EXERCISE REQUIREMENTS
For the entries below, the result should be an exact transcription of the lines from the one with "carolynehouse MG 8052" up to and including the one with "Selling a juice", and only those.

GIVEN DATA: Begin

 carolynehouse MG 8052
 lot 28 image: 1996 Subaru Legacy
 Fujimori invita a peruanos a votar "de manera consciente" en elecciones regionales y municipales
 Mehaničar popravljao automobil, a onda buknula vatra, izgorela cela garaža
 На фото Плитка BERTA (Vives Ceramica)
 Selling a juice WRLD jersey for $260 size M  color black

GIVEN DATA: End
GIVEN DATA: Begin

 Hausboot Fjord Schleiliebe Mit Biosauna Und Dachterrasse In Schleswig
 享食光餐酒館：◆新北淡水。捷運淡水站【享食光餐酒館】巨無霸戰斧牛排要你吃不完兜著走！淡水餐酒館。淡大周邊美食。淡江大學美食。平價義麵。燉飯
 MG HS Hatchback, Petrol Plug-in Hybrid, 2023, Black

GIVEN DATA: End

RESULT
 carolynehouse MG 8052
 lot 28 image: 1996 Subaru Legacy
 Fujimori invita a peruanos a votar "de manera consciente" en elecciones regionales y municipales
 Mehaničar popravljao automobil, a onda buknula vatra, izgorela cela garaža
 На фото Плитка BERTA (Vives Ceramica)
 Selling a juice WRLD jersey for $260 size M  color black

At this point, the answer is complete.